# Your task
Every line below needs to be reproduced exactly.

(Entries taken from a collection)
▬▬▬▬▬▬

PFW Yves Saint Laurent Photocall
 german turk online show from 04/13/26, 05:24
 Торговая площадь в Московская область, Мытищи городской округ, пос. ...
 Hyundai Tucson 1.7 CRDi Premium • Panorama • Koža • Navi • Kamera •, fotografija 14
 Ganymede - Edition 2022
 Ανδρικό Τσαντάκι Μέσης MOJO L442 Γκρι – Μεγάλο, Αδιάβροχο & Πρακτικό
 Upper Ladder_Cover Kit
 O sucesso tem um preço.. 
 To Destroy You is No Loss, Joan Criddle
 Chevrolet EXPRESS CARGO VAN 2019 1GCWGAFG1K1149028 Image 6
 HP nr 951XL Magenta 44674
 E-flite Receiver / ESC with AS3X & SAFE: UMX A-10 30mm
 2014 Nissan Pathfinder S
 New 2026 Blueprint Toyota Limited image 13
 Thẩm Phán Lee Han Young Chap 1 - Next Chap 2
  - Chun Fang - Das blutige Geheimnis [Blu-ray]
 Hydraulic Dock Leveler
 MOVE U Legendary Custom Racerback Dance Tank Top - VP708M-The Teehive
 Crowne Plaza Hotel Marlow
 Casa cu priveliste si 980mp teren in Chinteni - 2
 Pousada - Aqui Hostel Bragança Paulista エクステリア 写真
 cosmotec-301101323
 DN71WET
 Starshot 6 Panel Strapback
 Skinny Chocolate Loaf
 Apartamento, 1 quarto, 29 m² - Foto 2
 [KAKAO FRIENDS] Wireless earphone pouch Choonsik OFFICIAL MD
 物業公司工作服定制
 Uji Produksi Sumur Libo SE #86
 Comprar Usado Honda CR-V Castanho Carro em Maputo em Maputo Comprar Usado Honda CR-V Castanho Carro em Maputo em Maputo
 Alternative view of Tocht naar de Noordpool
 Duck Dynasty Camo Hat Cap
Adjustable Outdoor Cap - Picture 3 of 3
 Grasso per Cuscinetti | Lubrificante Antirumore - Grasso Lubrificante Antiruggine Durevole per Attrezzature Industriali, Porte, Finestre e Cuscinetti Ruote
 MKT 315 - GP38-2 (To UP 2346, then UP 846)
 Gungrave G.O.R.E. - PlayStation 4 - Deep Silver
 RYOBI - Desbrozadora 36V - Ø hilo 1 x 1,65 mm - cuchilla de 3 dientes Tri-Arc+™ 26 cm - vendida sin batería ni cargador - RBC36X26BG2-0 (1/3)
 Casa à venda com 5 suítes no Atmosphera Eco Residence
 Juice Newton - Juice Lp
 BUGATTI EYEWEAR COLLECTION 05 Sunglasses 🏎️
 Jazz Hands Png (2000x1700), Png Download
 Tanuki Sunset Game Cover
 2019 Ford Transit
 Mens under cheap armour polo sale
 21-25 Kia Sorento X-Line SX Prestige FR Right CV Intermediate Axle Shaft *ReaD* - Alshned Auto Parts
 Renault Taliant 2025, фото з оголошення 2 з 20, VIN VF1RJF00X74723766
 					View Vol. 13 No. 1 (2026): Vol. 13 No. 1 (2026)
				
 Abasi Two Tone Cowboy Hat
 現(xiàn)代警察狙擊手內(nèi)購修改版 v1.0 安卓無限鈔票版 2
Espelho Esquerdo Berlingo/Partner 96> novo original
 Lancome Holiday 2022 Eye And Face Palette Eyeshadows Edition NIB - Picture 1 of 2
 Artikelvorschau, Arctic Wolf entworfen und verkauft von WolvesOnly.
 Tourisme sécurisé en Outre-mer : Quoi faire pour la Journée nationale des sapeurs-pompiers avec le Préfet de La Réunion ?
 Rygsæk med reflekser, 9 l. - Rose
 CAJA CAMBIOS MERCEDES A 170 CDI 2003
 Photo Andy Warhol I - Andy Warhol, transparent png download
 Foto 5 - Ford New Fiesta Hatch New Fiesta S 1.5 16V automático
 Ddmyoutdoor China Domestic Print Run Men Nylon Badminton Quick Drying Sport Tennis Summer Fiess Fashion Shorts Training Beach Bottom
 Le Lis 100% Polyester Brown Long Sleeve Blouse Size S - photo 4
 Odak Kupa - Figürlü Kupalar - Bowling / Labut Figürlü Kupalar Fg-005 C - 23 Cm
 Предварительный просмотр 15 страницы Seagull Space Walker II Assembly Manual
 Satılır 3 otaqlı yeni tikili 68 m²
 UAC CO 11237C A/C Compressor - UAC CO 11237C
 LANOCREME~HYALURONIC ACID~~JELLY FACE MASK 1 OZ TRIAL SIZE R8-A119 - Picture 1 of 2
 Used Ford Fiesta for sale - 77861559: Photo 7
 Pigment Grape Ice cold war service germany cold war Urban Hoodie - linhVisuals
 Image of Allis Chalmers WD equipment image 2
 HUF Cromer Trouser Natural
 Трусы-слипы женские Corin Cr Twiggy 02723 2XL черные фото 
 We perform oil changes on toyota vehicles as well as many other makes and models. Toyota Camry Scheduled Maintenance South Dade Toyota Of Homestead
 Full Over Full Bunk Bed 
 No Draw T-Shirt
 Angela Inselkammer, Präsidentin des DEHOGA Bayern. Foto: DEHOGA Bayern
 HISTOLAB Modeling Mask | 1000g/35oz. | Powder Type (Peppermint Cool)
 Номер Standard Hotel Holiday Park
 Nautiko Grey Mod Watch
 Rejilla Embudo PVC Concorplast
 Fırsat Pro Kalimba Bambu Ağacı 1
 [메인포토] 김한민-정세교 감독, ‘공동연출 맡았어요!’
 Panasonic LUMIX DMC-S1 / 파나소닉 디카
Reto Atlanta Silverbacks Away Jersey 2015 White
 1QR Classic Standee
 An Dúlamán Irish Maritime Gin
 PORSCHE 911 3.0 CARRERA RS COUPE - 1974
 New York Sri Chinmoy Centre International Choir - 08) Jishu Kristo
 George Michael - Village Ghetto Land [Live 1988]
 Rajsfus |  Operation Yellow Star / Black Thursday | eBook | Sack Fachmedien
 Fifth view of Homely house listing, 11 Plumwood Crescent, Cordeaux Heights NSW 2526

▬▬▬▬▬▬

# Exercise result
PFW Yves Saint Laurent Photocall
 german turk online show from 04/13/26, 05:24
 Торговая площадь в Московская область, Мытищи городской округ, пос. ...
 Hyundai Tucson 1.7 CRDi Premium • Panorama • Koža • Navi • Kamera •, fotografija 14
 Ganymede - Edition 2022
 Ανδρικό Τσαντάκι Μέσης MOJO L442 Γκρι – Μεγάλο, Αδιάβροχο & Πρακτικό
 Upper Ladder_Cover Kit
 O sucesso tem um preço.. 
 To Destroy You is No Loss, Joan Criddle
 Chevrolet EXPRESS CARGO VAN 2019 1GCWGAFG1K1149028 Image 6
 HP nr 951XL Magenta 44674
 E-flite Receiver / ESC with AS3X & SAFE: UMX A-10 30mm
 2014 Nissan Pathfinder S
 New 2026 Blueprint Toyota Limited image 13
 Thẩm Phán Lee Han Young Chap 1 - Next Chap 2
  - Chun Fang - Das blutige Geheimnis [Blu-ray]
 Hydraulic Dock Leveler
 MOVE U Legendary Custom Racerback Dance Tank Top - VP708M-The Teehive
 Crowne Plaza Hotel Marlow
 Casa cu priveliste si 980mp teren in Chinteni - 2
 Pousada - Aqui Hostel Bragança Paulista エクステリア 写真
 cosmotec-301101323
 DN71WET
 Starshot 6 Panel Strapback
 Skinny Chocolate Loaf
 Apartamento, 1 quarto, 29 m² - Foto 2
 [KAKAO FRIENDS] Wireless earphone pouch Choonsik OFFICIAL MD
 物業公司工作服定制
 Uji Produksi Sumur Libo SE #86
 Comprar Usado Honda CR-V Castanho Carro em Maputo em Maputo Comprar Usado Honda CR-V Castanho Carro em Maputo em Maputo
 Alternative view of Tocht naar de Noordpool
 Duck Dynasty Camo Hat Cap
Adjustable Outdoor Cap - Picture 3 of 3
 Grasso per Cuscinetti | Lubrificante Antirumore - Grasso Lubrificante Antiruggine Durevole per Attrezzature Industriali, Porte, Finestre e Cuscinetti Ruote
 MKT 315 - GP38-2 (To UP 2346, then UP 846)
 Gungrave G.O.R.E. - PlayStation 4 - Deep Silver
 RYOBI - Desbrozadora 36V - Ø hilo 1 x 1,65 mm - cuchilla de 3 dientes Tri-Arc+™ 26 cm - vendida sin batería ni cargador - RBC36X26BG2-0 (1/3)
 Casa à venda com 5 suítes no Atmosphera Eco Residence
 Juice Newton - Juice Lp
 BUGATTI EYEWEAR COLLECTION 05 Sunglasses 🏎️
 Jazz Hands Png (2000x1700), Png Download
 Tanuki Sunset Game Cover
 2019 Ford Transit
 Mens under cheap armour polo sale
 21-25 Kia Sorento X-Line SX Prestige FR Right CV Intermediate Axle Shaft *ReaD* - Alshned Auto Parts
 Renault Taliant 2025, фото з оголошення 2 з 20, VIN VF1RJF00X74723766
 					View Vol. 13 No. 1 (2026): Vol. 13 No. 1 (2026)
				
 Abasi Two Tone Cowboy Hat
 現(xiàn)代警察狙擊手內(nèi)購修改版 v1.0 安卓無限鈔票版 2
Espelho Esquerdo Berlingo/Partner 96> novo original
 Lancome Holiday 2022 Eye And Face Palette Eyeshadows Edition NIB - Picture 1 of 2
 Artikelvorschau, Arctic Wolf entworfen und verkauft von WolvesOnly.
 Tourisme sécurisé en Outre-mer : Quoi faire pour la Journée nationale des sapeurs-pompiers avec le Préfet de La Réunion ?
 Rygsæk med reflekser, 9 l. - Rose
 CAJA CAMBIOS MERCEDES A 170 CDI 2003
 Photo Andy Warhol I - Andy Warhol, transparent png download
 Foto 5 - Ford New Fiesta Hatch New Fiesta S 1.5 16V automático
 Ddmyoutdoor China Domestic Print Run Men Nylon Badminton Quick Drying Sport Tennis Summer Fiess Fashion Shorts Training Beach Bottom
 Le Lis 100% Polyester Brown Long Sleeve Blouse Size S - photo 4
 Odak Kupa - Figürlü Kupalar - Bowling / Labut Figürlü Kupalar Fg-005 C - 23 Cm
 Предварительный просмотр 15 страницы Seagull Space Walker II Assembly Manual
 Satılır 3 otaqlı yeni tikili 68 m²
 UAC CO 11237C A/C Compressor - UAC CO 11237C
 LANOCREME~HYALURONIC ACID~~JELLY FACE MASK 1 OZ TRIAL SIZE R8-A119 - Picture 1 of 2
 Used Ford Fiesta for sale - 77861559: Photo 7
 Pigment Grape Ice cold war service germany cold war Urban Hoodie - linhVisuals
 Image of Allis Chalmers WD equipment image 2
 HUF Cromer Trouser Natural
 Трусы-слипы женские Corin Cr Twiggy 02723 2XL черные фото 
 We perform oil changes on toyota vehicles as well as many other makes and models. Toyota Camry Scheduled Maintenance South Dade Toyota Of Homestead
 Full Over Full Bunk Bed 
 No Draw T-Shirt
 Angela Inselkammer, Präsidentin des DEHOGA Bayern. Foto: DEHOGA Bayern
 HISTOLAB Modeling Mask | 1000g/35oz. | Powder Type (Peppermint Cool)
 Номер Standard Hotel Holiday Park
 Nautiko Grey Mod Watch
 Rejilla Embudo PVC Concorplast
 Fırsat Pro Kalimba Bambu Ağacı 1
 [메인포토] 김한민-정세교 감독, ‘공동연출 맡았어요!’
 Panasonic LUMIX DMC-S1 / 파나소닉 디카
Reto Atlanta Silverbacks Away Jersey 2015 White
 1QR Classic Standee
 An Dúlamán Irish Maritime Gin
 PORSCHE 911 3.0 CARRERA RS COUPE - 1974
 New York Sri Chinmoy Centre International Choir - 08) Jishu Kristo
 George Michael - Village Ghetto Land [Live 1988]
 Rajsfus |  Operation Yellow Star / Black Thursday | eBook | Sack Fachmedien
 Fifth view of Homely house listing, 11 Plumwood Crescent, Cordeaux Heights NSW 2526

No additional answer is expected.